KELLY MCEVERS, HOST:

Now for a story about a secret deal decades ago that has helped shape the way we think about food. It was revealed in a study published this week in JAMA Internal Medicine. It's a journal affiliated with the American Medical Association. And the study is based on research by Cristin Kearns. She's a fellow at UC San Francisco, and she's a dentist. And at a conference a few years back, Kearns went to see a speaker talk about dentistry and diabetes.

CRISTIN KEARNS: And she handed out literature for dentists to use to counsel diabetic patients. And it didn't mention anything about restricting sugar consumption to manage diabetes, which I found to be a bit strange.

MCEVERS: So she started Googling, and one thing led to another. And eventually, in a library in Colorado, Kearns came across the records of a sugar company that went out of business in the 1970s. In the very first folder she opened, she found a confidential memo by the Sugar Association.
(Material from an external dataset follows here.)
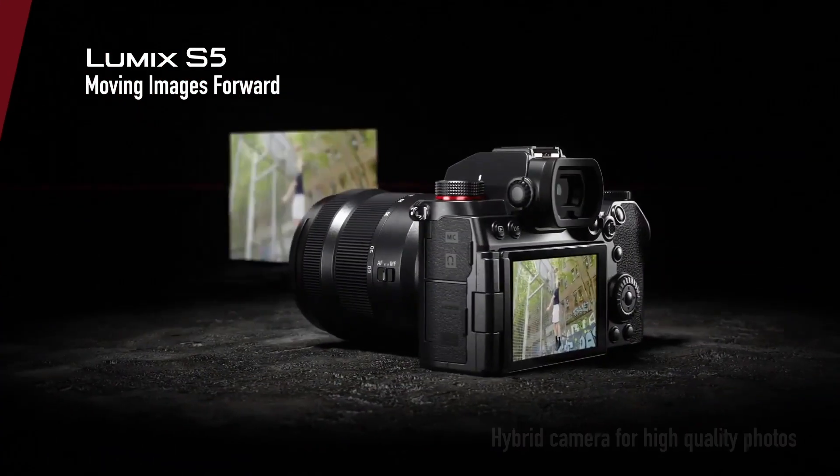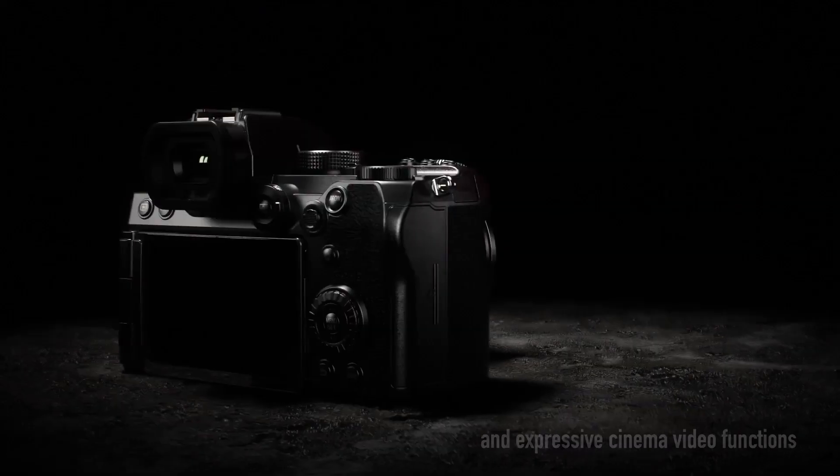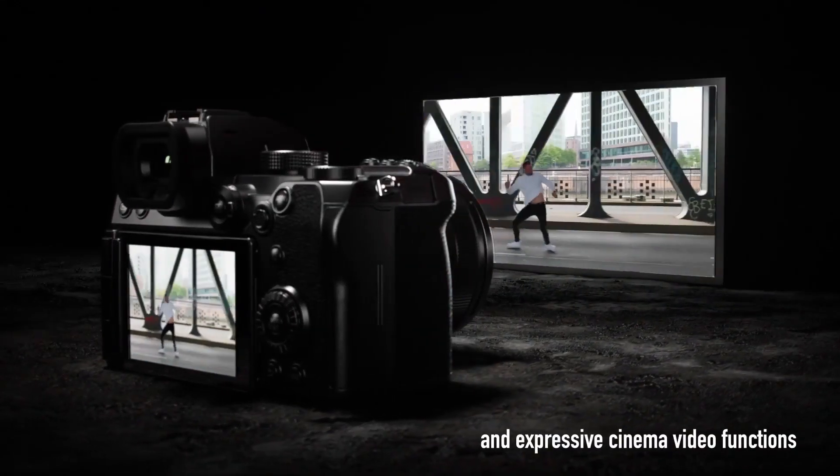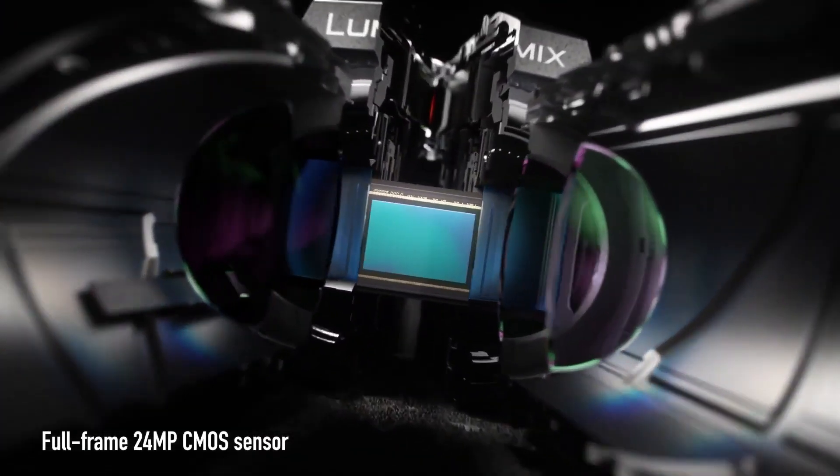Hello my friends, Devon Lennox here, PhotographyPX. In today's video we'll cover the best cameras for video. Do know you can find timestamps and links in the description down below as well as the pinned comment. And also know this is not a sponsored video — let's get started.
KEARNS: And what I happened upon was the public relations campaign that the industry launched to influence the Food and Drug Administration's review of the safety of sucrose back in 1976.

MCEVERS: And she found more than that. In the middle of the 20th century, scientists had begun questioning whether sugar was related to heart disease. And that didn't sit well with the sugar industry, so, Kearns found, the Sugar Association paid the equivalent of $50,000 to three Harvard scientists to review the existing research.

KEARNS: The 1960s was really critical for the diet and heart disease debate. There really were two sides of the story. One, evidence was linking sugar to heart disease, while on the other evidence was linking saturated fat to heart disease. Some people were saying that both were a problem. The sugar industry took that opportunity very early on to enlist these Harvard scientists and write a very influential review that was published in The New England Journal of Medicine that critiqued the evidence linking sucrose to coronary heart disease that served to shift us off of that path.

MCEVERS: Right. And so the attention turned to fat and turned away from sugar.

KEARNS: That's right.

MCEVERS: And we should say that the Sugar Association has responded to your study. It says that this 1967 review was published at a time when medical journals didn't typically require researchers to disclose their funding sources. They also say the industry should have exercised greater transparency in all of its research activities. Do you think that's an adequate response?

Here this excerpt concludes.